Ces propos rassurants avaient fait grimper Wall Street et chuter les cours du pétrole.

Cette nouvelle escalade verbale intervient alors que la guerre, déclenchée fin février par l'offensive américano-israélienne contre l'Iran, approche de son sixième mois: le protocole d'accord conclu en juin pour y mettre durablement fin a volé en éclats début juillet, avant que Donald Trump ne suspende les frappes à la fin du mois, en conditionnant cette pause à la conclusion rapide d'un accord.

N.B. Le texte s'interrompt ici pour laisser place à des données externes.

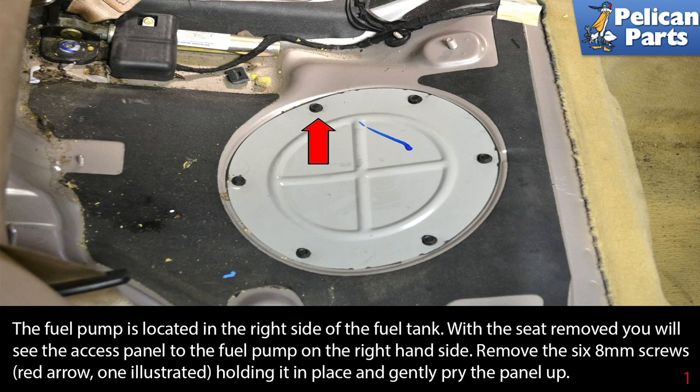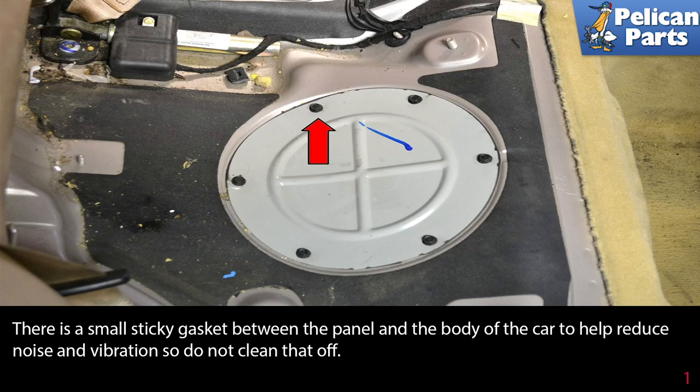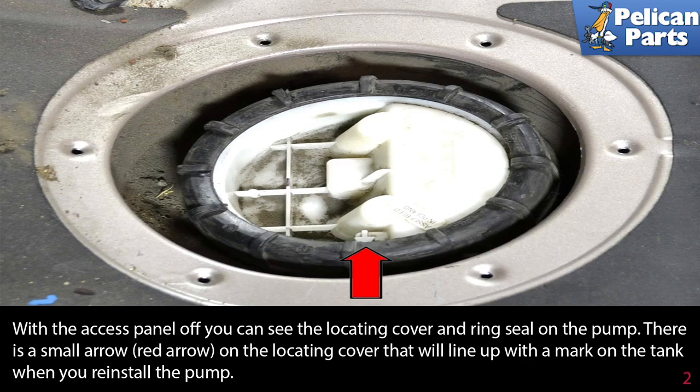To access the fuel pump you will need to remove the back seats — please see the link at the end of this video for steps on how to do that. The fuel pump is located on the right side of the fuel tank. With the rear seat removed, you will see the access panel to the fuel pump on the right side. Remove the six eight-millimeter screws (red arrow) holding it in place and gently pry up the panel. There is a small sticky gasket between the panel and the body of the car to help reduce noise and vibration, so don't clean that off.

Tout accord devait inclure l'ouverture "complète et totale" du détroit d'Ormuz et "la fin de la menace nucléaire iranienne", avait-il affirmé le 1er août.

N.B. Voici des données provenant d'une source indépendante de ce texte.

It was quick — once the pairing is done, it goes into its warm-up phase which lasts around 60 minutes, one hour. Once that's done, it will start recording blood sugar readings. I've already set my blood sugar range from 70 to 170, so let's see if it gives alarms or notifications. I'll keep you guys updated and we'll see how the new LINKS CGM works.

Le président américain semble depuis privilégier une approche plus attentiste, fondée sur la pression économique.

"Actes de piraterie" 

Sur le terrain, le détroit d'Ormuz, par lequel transitait avant la guerre un cinquième du pétrole mondial, reste le point de friction le plus brûlant.

Les Emirats arabes unis ont dénoncé une attaque iranienne menée jeudi soir contre deux navires affiliés à la compagnie pétrolière publique ADNOC qui franchissaient le détroit. Abou Dhabi a condamné les "actes de piraterie" des Gardiens de la Révolution qui constituent "une menace directe" pour "la sécurité énergétique mondiale".

Les Emirats ont demandé à l'Iran de "rouvrir complètement et sans condition" ce passage.

Téhéran a de son côté fustigé jeudi les "mensonges" de Donald Trump, qui avait assuré la veille, sur son réseau Truth Social, que les Etats-Unis avaient un contrôle "total" du détroit.

Ormuz reste "sous la gestion et le contrôle total de la République islamique", a martelé Ebrahim Zolfaghari, porte-parole du commandement central Khatam al-Anbiya.

Dans les faits, le détroit est verrouillé par l'Iran depuis le début de la guerre, tandis que les Etats-Unis imposent un blocus aux ports iraniens. Téhéran exige des navires une autorisation et veut imposer à terme des frais de service, ce que Washington refuse.

Avant Scott Bessent, le vice-président JD Vance avait affiché jeudi sur Fox News la priorité donnée à l'arme économique: "l'objectif numéro un" des Etats-Unis est de "faire en sorte que le pétrole et l'essence restent bon marché pour les Américains", "l'objectif numéro deux" étant "d'assurer que l'Iran ne se dote jamais de l'arme nucléaire".

M. Bessent a, lui, présenté sa stratégie comme la combinaison de deux leviers, l'asphyxie financière et le blocus physique, citant Cuba et le Venezuela en comparaison: "Le Venezuela s'est immédiatement effondré quand nous avons imposé le blocus", s'est-il félicité.

Le chef de la diplomatie iranienne Abbas Araghchi a accusé jeudi les Etats-Unis de "mauvais calculs" liés à des défaillances du renseignement. "Un exemple: la guerre contre l'Iran. Maintenant, un mauvais calcul encore plus important sur le détroit d'Ormuz", a-t-il écrit sur X.